We look at the slice indices, align them to chunk boundaries, then slice both the child and the patches to chunk boundaries, and preserve the offset + len to apply the final intra-chunk slice at execution time.

Filter

We can do some limited optimization of Filter in a reducer. First, we find the start/end indices of the filter mask to nearest chunk boundary (1024 elements).

We then slice the underlying array to those boundaries. We also can slice the lane_offsets by multiples of n_lanes to trim to only in-bounds chunks.

Then we re-wrap in a FilterArray with the mask sliced to same chunk boundaries. When the filter is sparse and clustered this greatly reduces the number of chunks that need to be decoded.

`ScalarFn`s

The behavior of some scalar functions may be undefined over placeholder values that exist in the inner array. For example, integer addition may overflow.

To avoid this, only scalar functions where ScalarFnVTable::is_fallible() is false can be kernelized.

Currently, this only applies to the CompareKernel, which will push down to inner, then perform the comparison on the patches as well.

Compatibility

BitPackedArray and ALPArray both hold a Patches internally, which we'd like to replace by wrapping them in a PatchedArray.

To do this without breaking backward compatibility, we modify the VTable::build function to return ArrayRef. This makes it easy to do encoding migrations on read in the future. The alternative is adding a new BitPackedArray and ALPArray that gets migrated to on write.

This requires executing the Patches at read time. From scanning a handful of our tables, this is unlikely to cause any issues as patches are generally not compressed. We only apply constant compression for patch values, and I would expect that to be rare in practice.

Drawbacks

This will be a forward-compatibility break. Old clients will not be able to read files written with the new encoding. However, the potential break surface is huge given how ubiquitous bitpacked arrays and patches are in our encoding trees. This will cause friction as users of Vortex who have separate writer/reader pipelines will need to upgrade their Vortex clients across both in lockstep.

Does this add complexity that could be avoided?

IMO this centralizes some complexity that previously was shared across multiple encodings.

Alternatives

Transpose the patches within GPU execution

This was found to be not very performant. The time spent D2H copy, transpose patches, H2D copy far exceeded the cost of executing the bitpacking kernel, which puts a serious limit on our GPU scan performance. Combined with how ubiquitous BitPackedArrays with patches are in our encoding trees, would be a permanent bottleneck on throughput.

What is the cost of not doing this?

Our GPU scan performance would be permanently limited by patching overhead, which in TPC-H lineitem scans was shown to be the biggest bottleneck after string decoding.

Is there a simpler approach that gets us most of the way there?

I don't think so

Prior Art

The original FastLanes GPU paper did not attempt to implement data-parallel patching within the FastLanes unpacking kernels.

The G-ALP paper was published later on, and implemented patching for ALP values after unpacking.

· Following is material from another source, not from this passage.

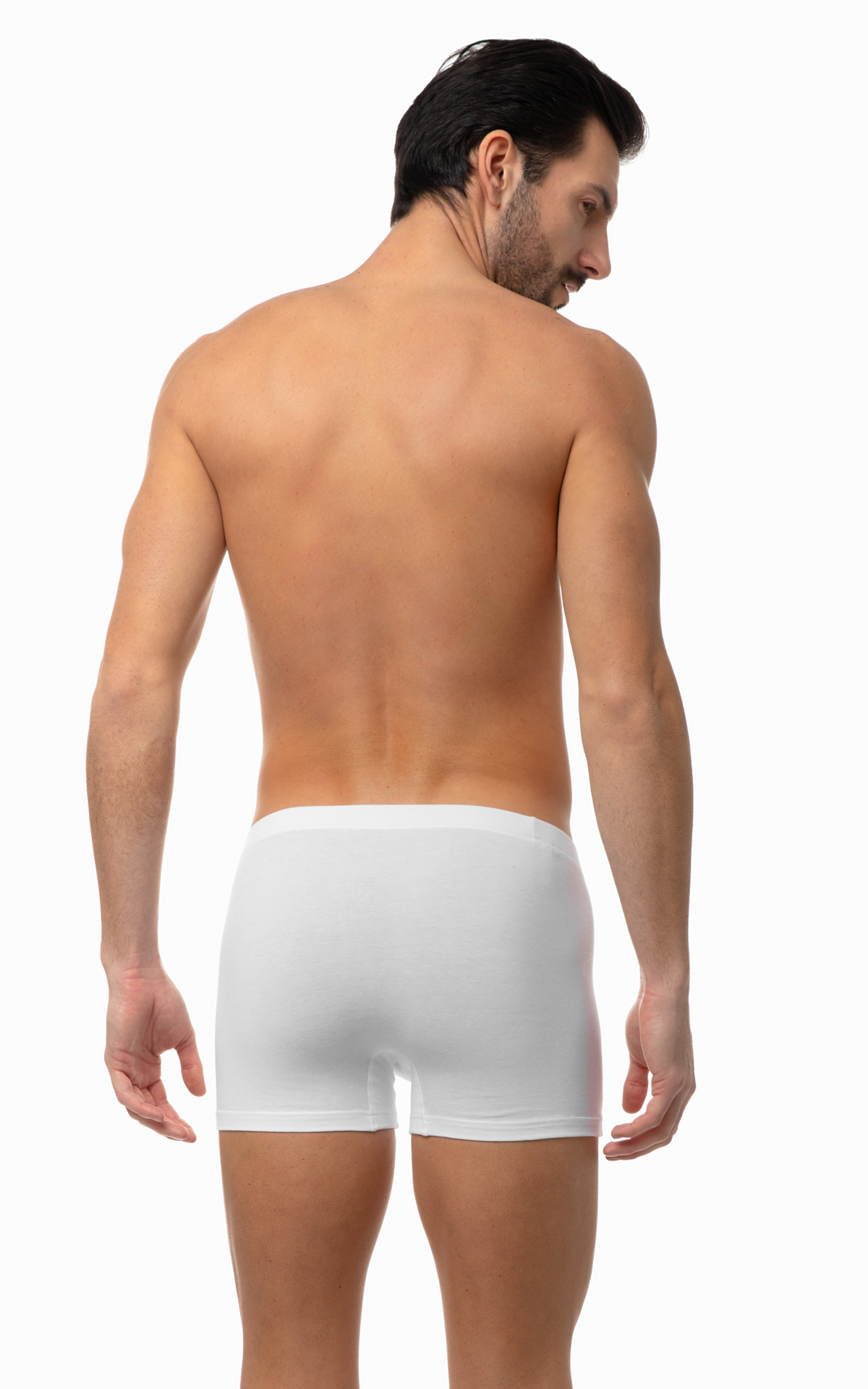 Ανδρικό Εσώρουχο Βαμβακερό Boxer MINERVA SPORTIES 2 Τεμάχια 29303 Λευκό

We use a data layout that closely matches the one described in G-ALP and apply it to bit-unpacking as well.

Unresolved Questions

What parts of the design need to be resolved during the RFC process?
What is explicitly out of scope for this RFC?
Are there open questions that can be deferred to implementation?

Future Possibilities

It would be nice to use this to replace the SparseArray.

We also need a plan for how to extend this to non-primitive types. Would need to pick a lane count for the other types.